What to work on
Begin at the line containing "Colchón viscoelástico mulhacén" and retype each line through the end of the records exactly. Include nothing else and no pictures.
------ Records for this exercise ------
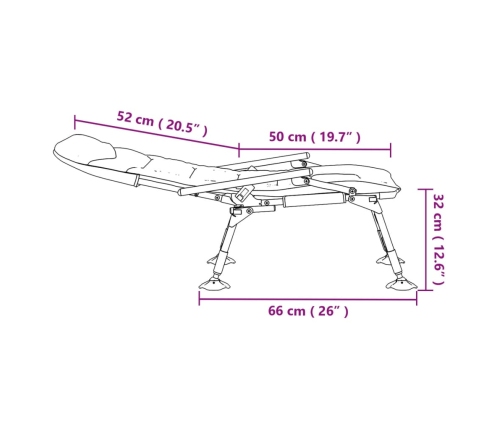 Silla de pesca con reposabrazos plegable camuflaje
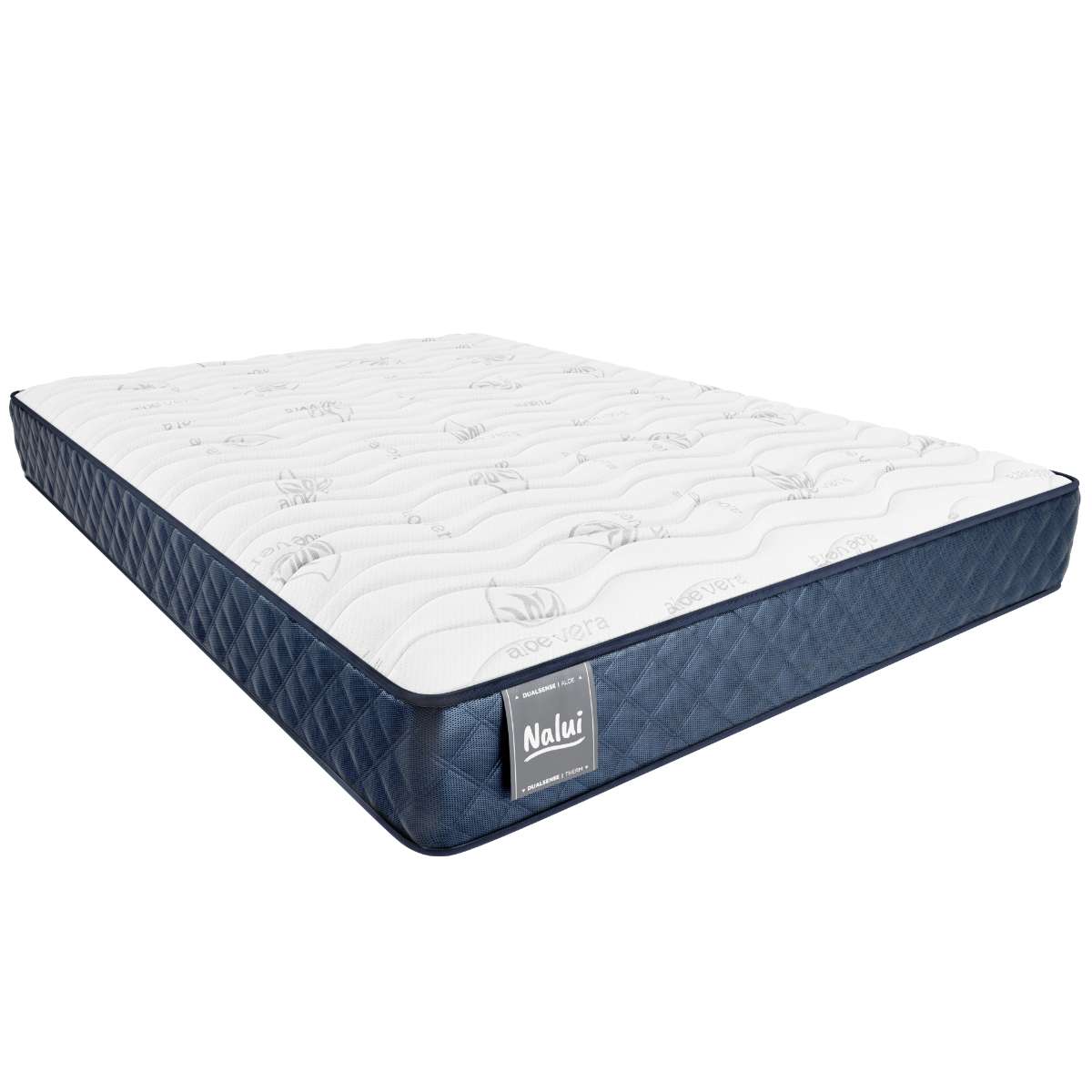 Colchón viscoelástico mulhacén dualsense nalui 200x200 multicapa,núcleo gravityfoam, firmeza alta, reversible, transpirable. hecho en españa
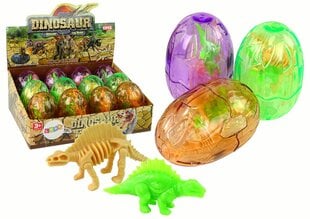 Dinozauro kiaušinis LeanToys 9cm kaina ir informacija | Lavinamieji žaislai | pigu.lt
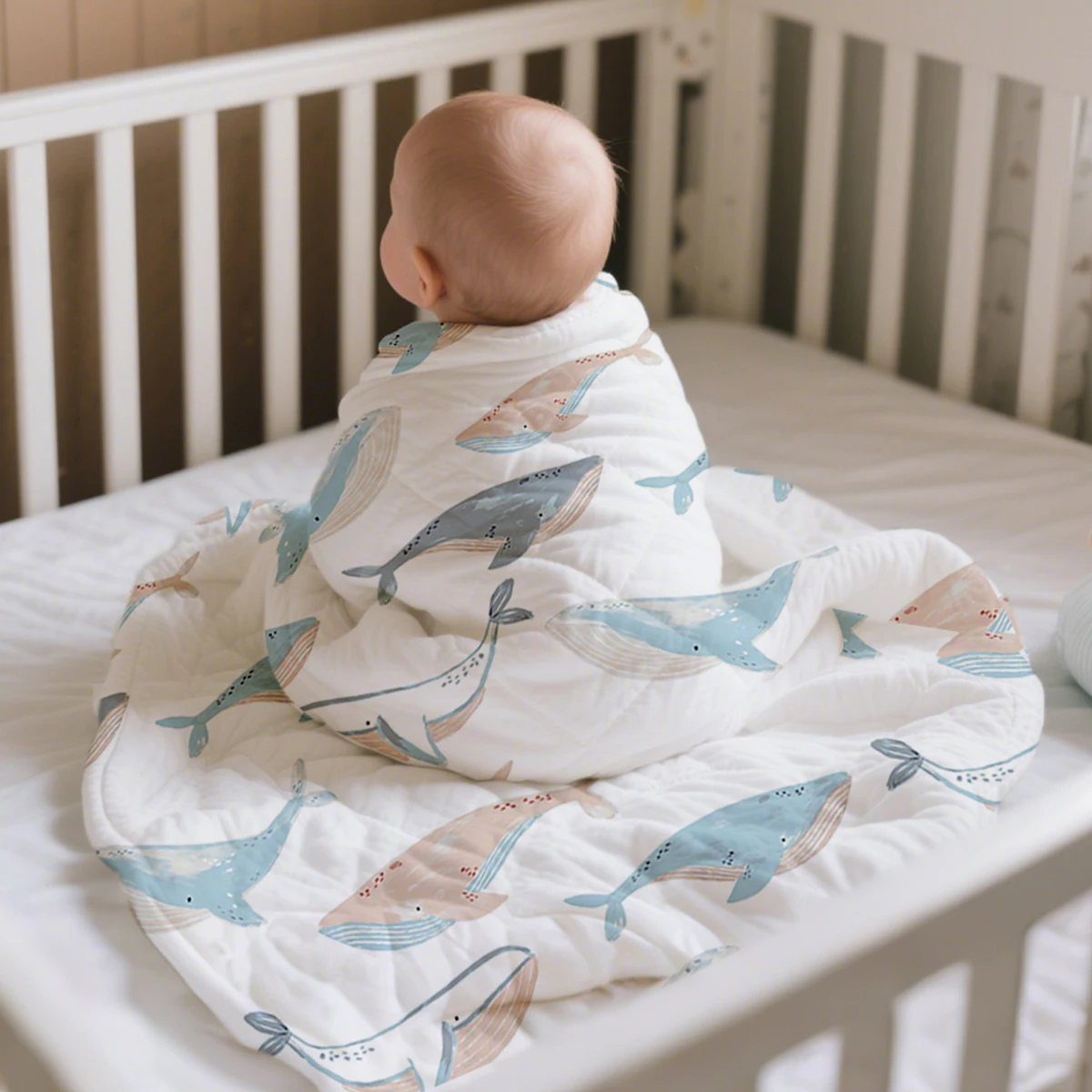 HappyFlute 150x110cm manta suave de doble cara para bebé, colcha fresca y relajante de verano para bebés - imagen 3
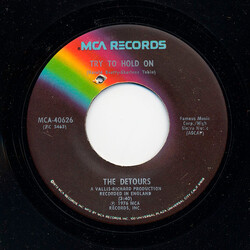 The Detours (3) Try To Hold On Vinyl 7" USED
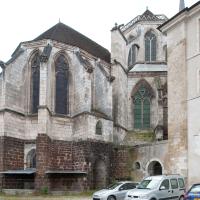 Église Saint-Germain d'Auxerre - Exterior, east chevet eleavtion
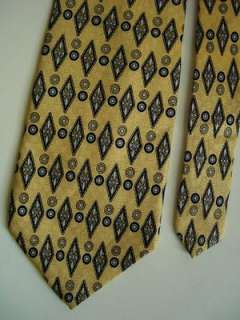 2453 AMHERST and BROCK Beige Multi Silk Necktie Men Tie  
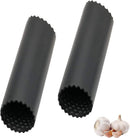 Garlic Peeler 2 Pieces Black Kitchen Gadget Garlic Roller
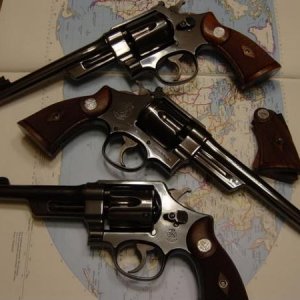 Three rare police Smith&Wessons  pre WWII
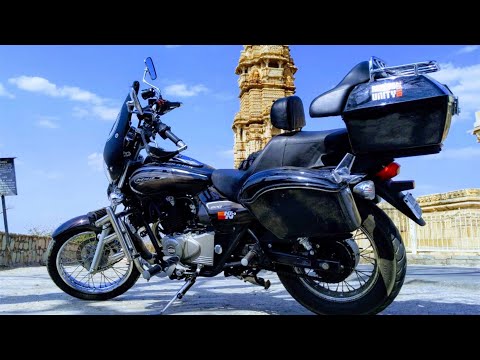 bajaj avenger 220 cruise luggage box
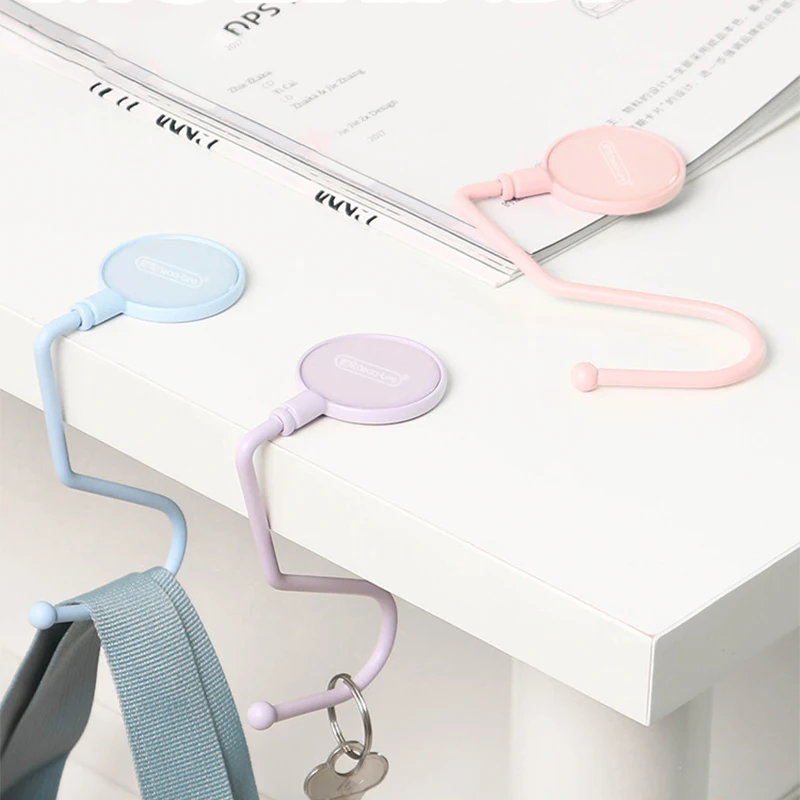 شماعات حقيبة موراندي لطيفة ، للخدمة الشاقة ، خطافات حقيبة محفظة الطاولة ، حقيبة سفر ، شماعات حقيبة جانبية للطاولة من Kawaii ، منظمي مكتب المكتب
------
Answer to this problem
 Colchón viscoelástico mulhacén dualsense nalui 200x200 multicapa,núcleo gravityfoam, firmeza alta, reversible, transpirable. hecho en españa
 Dinozauro kiaušinis LeanToys 9cm kaina ir informacija | Lavinamieji žaislai | pigu.lt
 HappyFlute 150x110cm manta suave de doble cara para bebé, colcha fresca y relajante de verano para bebés - imagen 3
 The Detours (3) Try To Hold On Vinyl 7" USED
 Église Saint-Germain d'Auxerre - Exterior, east chevet eleavtion
 2453 AMHERST and BROCK Beige Multi Silk Necktie Men Tie  
 Garlic Peeler 2 Pieces Black Kitchen Gadget Garlic Roller
 Three rare police Smith&Wessons  pre WWII
 bajaj avenger 220 cruise luggage box
 شماعات حقيبة موراندي لطيفة ، للخدمة الشاقة ، خطافات حقيبة محفظة الطاولة ، حقيبة سفر ، شماعات حقيبة جانبية للطاولة من Kawaii ، منظمي مكتب المكتب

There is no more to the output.